9 Conclusions and Future Work

In this paper, we have addressed trust issues in cryptographic role-based access control systems for securing data storage in a cloud environment. We have proposed trust models for different entities in RBAC systems which are using cryptographic RBAC schemes to secure stored data. These trust models assist the users and role managers to determine the trustworthiness of individual role managers and data owners, and data owners and role managers to evaluate the trustworthiness of individual role managers and users, in the RBAC system respectively. They allow the users and the data owners to perform the trust evaluation to decide whether or not to access/share a resource from/to a particular role. Our trust model takes into account role inheritance and hierarchy in the evaluation of trustworthiness of roles. The models also enable the roles to use the trust evaluation in their decision to accept the resources from a particular owner and grant the role membership to a user. We have given the design of an architecture of a trust-based cloud storage system which has integrated the user’s trust models with the cryptographic RBAC schemes. We have also described the application of the proposed trust models by considering a practical scenario and illustrating how the trust evaluations can be used to reduce the risks and enhance the quality of security decision making by different entities of the cloud storage service.
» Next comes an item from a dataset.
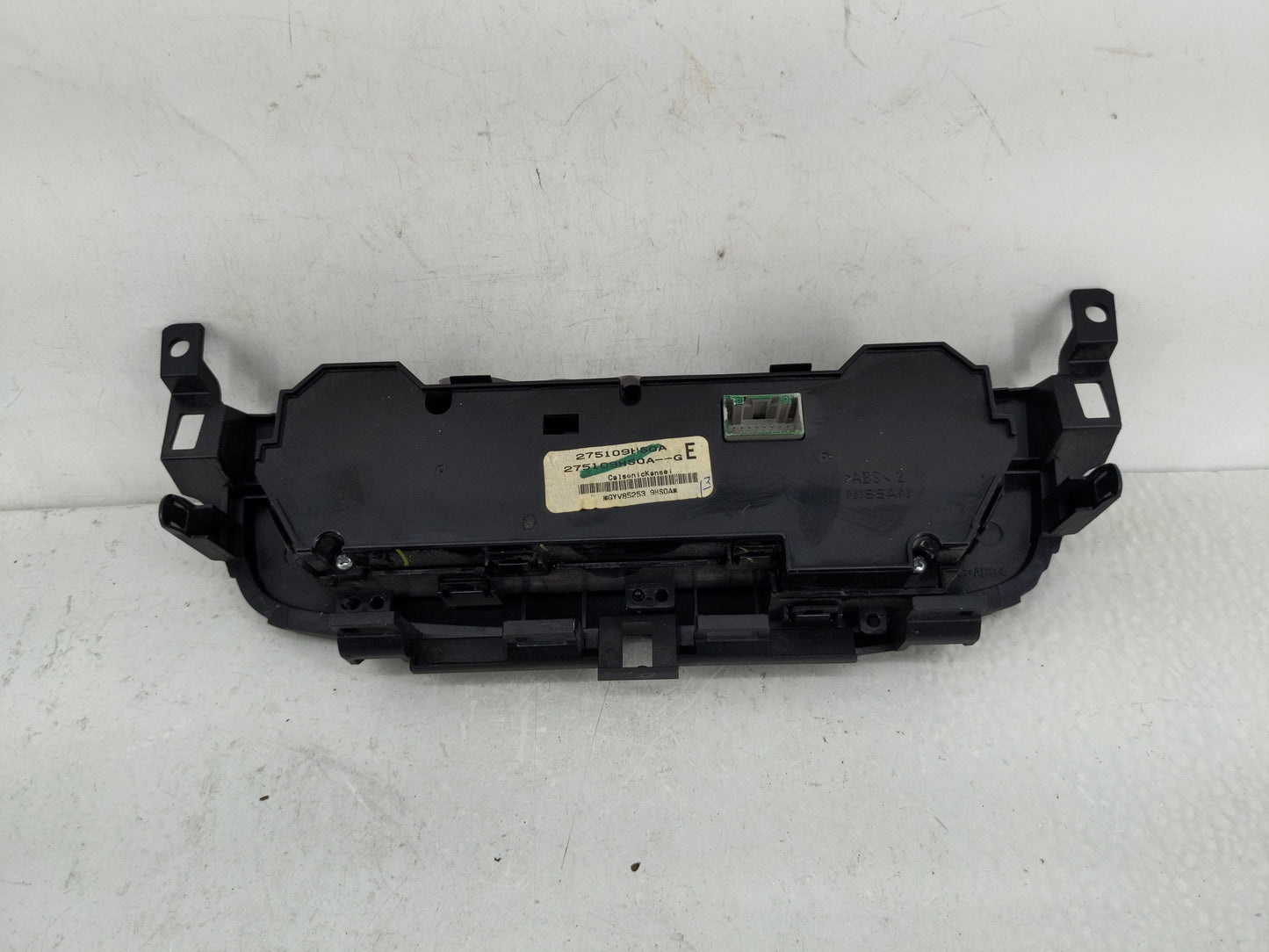 2016-2018 Nissan Altima Climate Control Module Temperature AC/Heater Replacement P/N:275109HS0A Fits Fits 2016 2017 2018 OEM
The proposed trust models used a centralised trust management system to assist entities with their trust evaluations. Though these entities in the system still need to trust the centralised trust management components, we believe that this approach has much improved the cases where entities need to trust every other individual entity in the system. We note that the auditing components in our designed architecture need to collect all the provided feedback. In large-scale systems, the load of these auditing components could be high. One solution to this issue is using decentralised auditing components which will be considered in our future work. In addition, we only considered two types of feedbacks in our trust models, positive and negative. However, a user who has unsatisfactory experiences with roles may want to provide varying levels of negative feedback. For example, the user may have retrieved a malware instead of valid data from a role and a poor quality data instead of a good quality one from the same role. It is clear that some cases are more harmful than others, and the user may want to rate the role less untrusted when it is more harmful. We will also consider this issue in our future work.